Two founding father’s of American motorcycle racing, and two exceptional purebred Harley-Davidson racers in the country’s heartland just over 100 years ago. The men are, quite simply put, legends and their machines are as rare as they come. Maldwyn Jones stands in the rear of the photo in his homemade, padded leather helmet next to his brand new Merkel/Harley hybrid, while Ray Weishaar, the “Kansas Cyclone” straddles one of two new experimental factory 4-Valve racers at the Toledo 1/2 mile track on June 18, 1916.
Jones was a well established professional by 1916, however, waining factory support from Flying Merkel had driven the 25 year old Ohioan to leave the company with whom he had started his racing career back in 1910. Jones picked up a steady job in the U.S. Experimental Aviation Engines Department at McCook Field in Dayton, OH with the understanding that he could use his ample time off to continue racing. The visionary of the blossoming Harley-Davidson racing program, Bill Ottaway took note and made sure that the next jersey that jones pulled over bore the Milwaukee livery. The machine that you see next to Maldwyn is the only one ever built like it, a necessary accommodation for the union between Jones and Ottaway which paired Maldwyn’s specially constructed keystone chassis from his glory days at Merkel with a trimmed down, blanked off, 30.50ci single cylinder version of Ottaway’s recent experimentations with overhead valve setups. This race was the machine’s debut, and the first run of many that Maldwyn would make for Harley-Davidson for years to come.
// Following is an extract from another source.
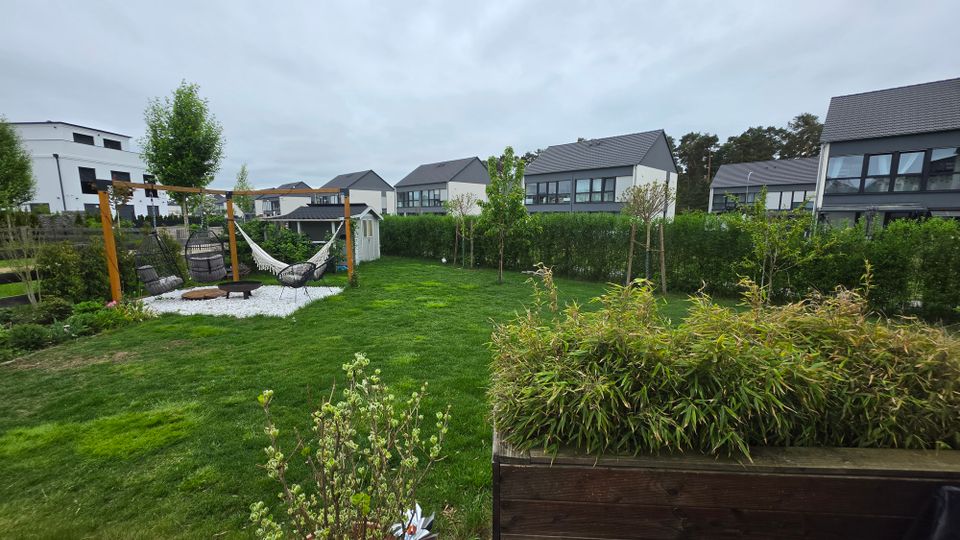 Blick über einen gepflegten Garten mit großer Rasenfläche, Hecken und jungen Bäumen in einem Wohngebiet mit modernen Einfamilienhäusern im Hintergrund. Links steht eine Holzpergola mit Hängesesseln und Hängematte auf einer Kiesfläche neben einem kleinen Gartenhaus.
Ray Weishaar, (pronounced wisher) was the same age as Jones, but hadn’t been on the national stage for quite as long. However, Weihsaar was a veteran of the Harley-Davidson factory racing program having been one of the few selected to pilot their experimental 11K series as a member of the first fully supported factory team for the Savannah 300 mile road race on Thanksgiving Day, 1914. Though similar, the machine that Weishaar was competing on was a full on factory creation, one of two new low slung, short keystone framed, 4 valve single designs that Ottaway had only recently began developing. Weishaar, along with fellow factory rider B.B. Bivins debuted the two factory 1/2 mile machines at races held in Roanoke, VA on April 24, 1916. Weishaar swept the event on his new nimble and lightening fast 4 valve racking up victories in the 1, 3, and 10 mile and only losing to Indian’s “Shorty” Matthews after both his and Bivin’s machine’s blew tires in the 15 mile race.
Though the iconic men and unique machines make the moment captured in this photo quite interesting, the pair unfortunately didn’t fair too well that summer day in 1916. Neither man took the top spot in any heat, though in fairness their competition did include names like Ray Creviston, Cleo Pineau, and Lee Taylor. Weishaar was poised to take the big 25 mile race until his engine failed, allowing Indian’s Lee Taylor to take the victory while Jones was just barely nosed out of second place. Pushing their little 30.50 singles to upwards of 55 mph around the dirt 1/2 mile Weishaar pulled off a second place finish to Indian’s Shorty Matthews in the 10 mile race, what would be the Milwaukee team's best finish of the day. Nonetheless, this image remains a remarkable and unique moment captured in the evolution of American motorcycle racing history featuring two of the greatest racers to have ever thrown over a leg and their remarkably special motorcycles.